One thing I do remember about him was the technique he used to remember sequences of things. In most cases he demonstrated by memorising the order of the 52 cards in a pack after only looking through the pack once. The technique can also be used for storing sequences of numbers or letters if needed (like a bank account number, or Pi to 100 decimal places that kind of thing) Hmmm..........Pi

...anyway, the technique. Start by picturing a journey you know like the back of your hand. A journey you make on a regular basis. In my case it would be the walk to work, but it could be a regular bus ride, car journey etc. Any journey that you make over and over again and has familiar landmarks.

Next, picture a series of objects you see on that journey and keep them in order. An unusal tree, a brightly coloured front door, a road sign... just about anything just as long as you know you see them everytime you make the journey. For me it would start with the inside of my apartment door, followed by the bus stop right outside my flat, the bright yellow Barrats advert, the 'Bus Lane only' marked on the road as I cross and so on and so on.

Finally (keeping up with me so far?) the sequence you want to remember. Take each item in turn, and mix it with the objects on your route. Does that make sense? Probably not. Ok, I'll use my 4 route objects as an example to remember 4 random playing cards.

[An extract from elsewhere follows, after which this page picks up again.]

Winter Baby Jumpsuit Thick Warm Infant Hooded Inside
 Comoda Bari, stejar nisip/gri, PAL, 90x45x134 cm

The four cards at random are: Jack of Hearts, 3 of spades, 6 of clubs and finally Ace of Diamonds. In my head I take my familiar route, but I 'add' the playing cards to it. I picture a giant Jack of Hearts on the back of my apartment door. The bus stop has the 3 of spades as an advert on it, the yellow Barrats advert now is trying to sell me the 6 of clubs, and instead of 'Bus Lane Only' the road markings now say 'Ace of Diamonds only'.

Because the route is so familiar to you, the 'changes' you make in your head will stand out and you should be able to remember the playing cards in order. I tried it this morning with 13 cards. I managed the first 10 and I knew the last one too. I only got cards 11 and 12 the wrong way round. Apparently if you practice over and over again, and always use the same route, you can increase the number of things you remember. That memory guy can remember multiple packs of cards mixed together without any effort.

I think 2008 might be the year I climb out of the gutter and improve my feeble mind. I've kept a plant alive for 6 weeks, I've started reading classic literature, and now I'm improving my memory. What next? :o)

....perhaps I should have a stab at writing that novel that's been rattling round inside my head for years.

January 24, 2008

O-O-O it's Magic


still an alcohol free zone.

Just realised I only have two weeks to learn and attempt to perfect a new card trick. I can't turn up in Castletown on the 10th without something added to my reportoire. It could be hard. No practice time available, I haven't located my decent American cards yet, and I haven't got an opportunity to watch a magician perform a trick that I can work out and master.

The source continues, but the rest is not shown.